Plans to move the historic Kemper Gunn House to a new downtown site to make way for the Bedford Square project almost hit the wall at a marathon Planning and Zoning Commission meeting Thursday night.

By narrow votes that almost did not take place, the P&Z approved town plan and zoning map changes, respectively, in order to accommodate the structure's move from Church Lane to the Baldwin parking lot on Elm Street.

At a sometimes-confusing session that lasted to midnight, the commission finally gave the OK to alter an area in the southern corner of the parking lot, although two members abstained in each 4-1-2 vote

P&Z Chairman Chip Stephens at one point proposed leaving open the panel's review of the application for another week until town officials could decide who specifically is managing the project.

"I have a concern with the Gunn House and the concern is there doesn't seem to be one person that is focusing on this project within the Westport town government," he said.

"We don't have one champion or one key person who is doing due diligence or putting focus on this," he said, having had a discussion about it earlier in the day with First Selectman Jim Marpe.

"We're going through this process, but there's really no one there to grab a hold of it, stand at that podium and say they've looked at this ... My thought process is I would like to see it left open for tonight," he said, describing it as an involved process with numerous components that include land use, economics and the future of downtown.

Karen Johnson, a representative of Kemper Gunn LLC, as well as Bedford Square Associates, however, implored the commission to approve the requests for changes on the Town Plan of Conservation and Development map and the zoning map, arguing that the delay would have a negative ripple effect on both projects.

"My only interest is trying to move this process forward," she said. "In the context of what your concerns are, maybe there's no harm in moving forward with this."

"You only change the zoning designation for land the town of Westport still owns and controls," Johnson added, noting that a delay in acting on the maps would push back the scheduled April 24 site plan hearing.

"It's a very serious thing to change the POCD," Stephens said, noting it "could open up the door to even different development there if this whole thing doesn't go forward."

In a 3-2-2 vote, however, the commission voted to close discussion on the application, with Stephens and Commissioner Alfred Gatrix opposed, and Commissioners Catherine Walsh and Jack Whittle abstaining.

During its work session, Stephens then chose to reorder agenda items, putting the votes on the maps at the end. When it didn't come up until 11:05, he suggested closing the meeting without addressing it.

Vice Chairman Jack Whittle accused him of using a "pocket veto" to delay the votes, which Stephens denied. The commission then voted to decide on the matter.

Then, nearly an hour of sometimes tense and confusing discussion followed. At one point it was noted that the map the P&Z was voting on didn't clearly delineate the proposed location for the house. When Johnson -- one of three remaining members of the public in the Town Hall auditorium -- tried to come forward with a copy, Stephens yelled at her to sit down.

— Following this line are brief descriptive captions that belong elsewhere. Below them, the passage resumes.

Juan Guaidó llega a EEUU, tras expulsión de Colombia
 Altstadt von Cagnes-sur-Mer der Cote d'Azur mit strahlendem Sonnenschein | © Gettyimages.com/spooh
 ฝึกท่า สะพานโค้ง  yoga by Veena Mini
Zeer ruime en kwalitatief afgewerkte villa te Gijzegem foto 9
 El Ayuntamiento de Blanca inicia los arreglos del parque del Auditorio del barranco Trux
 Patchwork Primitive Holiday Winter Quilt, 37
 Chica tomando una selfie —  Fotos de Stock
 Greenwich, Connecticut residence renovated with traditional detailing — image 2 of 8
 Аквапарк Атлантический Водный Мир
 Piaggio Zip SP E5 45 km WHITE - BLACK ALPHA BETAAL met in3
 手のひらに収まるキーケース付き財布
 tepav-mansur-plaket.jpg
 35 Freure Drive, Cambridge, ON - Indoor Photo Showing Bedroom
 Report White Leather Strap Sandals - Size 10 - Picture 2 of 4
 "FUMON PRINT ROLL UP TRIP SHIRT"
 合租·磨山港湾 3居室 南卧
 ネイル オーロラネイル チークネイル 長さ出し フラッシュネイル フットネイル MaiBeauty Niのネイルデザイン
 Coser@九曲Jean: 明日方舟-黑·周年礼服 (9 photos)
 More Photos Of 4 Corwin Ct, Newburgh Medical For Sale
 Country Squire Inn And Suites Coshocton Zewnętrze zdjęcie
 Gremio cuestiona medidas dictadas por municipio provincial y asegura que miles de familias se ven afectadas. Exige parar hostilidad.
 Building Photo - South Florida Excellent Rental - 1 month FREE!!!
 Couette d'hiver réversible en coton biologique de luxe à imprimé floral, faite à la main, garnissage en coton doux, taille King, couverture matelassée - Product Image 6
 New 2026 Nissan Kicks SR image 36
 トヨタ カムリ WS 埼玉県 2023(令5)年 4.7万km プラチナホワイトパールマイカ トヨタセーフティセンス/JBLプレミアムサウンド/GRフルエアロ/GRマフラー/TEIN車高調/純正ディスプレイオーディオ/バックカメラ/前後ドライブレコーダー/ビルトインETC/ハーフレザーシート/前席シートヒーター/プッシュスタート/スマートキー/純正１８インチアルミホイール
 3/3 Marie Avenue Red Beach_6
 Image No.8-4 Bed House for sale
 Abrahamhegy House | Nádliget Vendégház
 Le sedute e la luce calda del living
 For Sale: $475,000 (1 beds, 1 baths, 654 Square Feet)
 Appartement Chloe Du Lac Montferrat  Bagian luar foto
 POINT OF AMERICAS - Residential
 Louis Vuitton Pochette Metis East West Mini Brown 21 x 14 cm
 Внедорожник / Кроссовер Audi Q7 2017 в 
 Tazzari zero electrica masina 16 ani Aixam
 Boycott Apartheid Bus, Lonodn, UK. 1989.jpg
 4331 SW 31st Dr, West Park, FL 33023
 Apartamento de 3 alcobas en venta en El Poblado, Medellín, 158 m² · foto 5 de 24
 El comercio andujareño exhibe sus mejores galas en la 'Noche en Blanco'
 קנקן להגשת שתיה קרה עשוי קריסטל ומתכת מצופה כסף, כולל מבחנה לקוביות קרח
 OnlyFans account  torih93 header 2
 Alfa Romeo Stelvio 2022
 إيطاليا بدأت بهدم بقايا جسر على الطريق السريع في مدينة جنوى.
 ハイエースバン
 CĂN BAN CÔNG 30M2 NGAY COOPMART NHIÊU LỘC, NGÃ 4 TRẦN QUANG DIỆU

During the earlier discussion Matthew Mandell, a Representative Town Meeting member from District 1, stepped forward in response to Stephens' concerns to say he was the unofficial point person on the Kemper Gunn House project.

"You're right, there is no official town individual who is shepherding this," he said. "There is an unofficial town rep shepherding this. It is me."

"It's never been official, "Mandell said, but explained he continues to shares updates with Marpe and serves in that role.

"Mr. Mandell, I totally appreciate you taking possession of this, but as of this afternoon the first selectman himself said there's no single person," Stephens said.

"We're working with an agreement that was never signed or made official," Stephens said.

"I need the feeling that the town understands what they're getting into, what they're doing," he said.

Zoning Director Larry Bradley explained that two separate applications were necessary for this process. The first changed the POCD land-use map from Parking to General Business/Business Center. After that change was made, the commission was then able to re-zone the area from Residential A to Business Center District/Historic (BCD/H).

"You're only changing that portion of the lot," Bradley said, noting that it is approximately 6,900 square feet in size.

"I don't think we've taken a hard enough look at it," Commissioner Catherine Walsh said of the project. In the end, Walsh was the sole vote against the changes.

"I've never been crazy about it," she said, "and I would really hate to see Elm Street becoming a depository for old houses."

"I don't understand the need to ramrod this through so quick, with so many questions going on," Stephens said. "I'm a bit disappointed in the commission members ... I really don't get what the rush is on this."

"I don't think it's committing the town to accept the entirety of this project," Whittle said.

"We approved the idea to move the house," said Commissioner Andra Vebell. "How can we approve the move and not approve the zoning to make that happen? The lease and all that, that's down the road, but that's not our realm, and that shouldn't be influencing our decision right now."

Commissioner David Lessing agreed. Regarding Stephens' concern, he said, "Does anyone have any doubt that the first selectman will appoint someone?"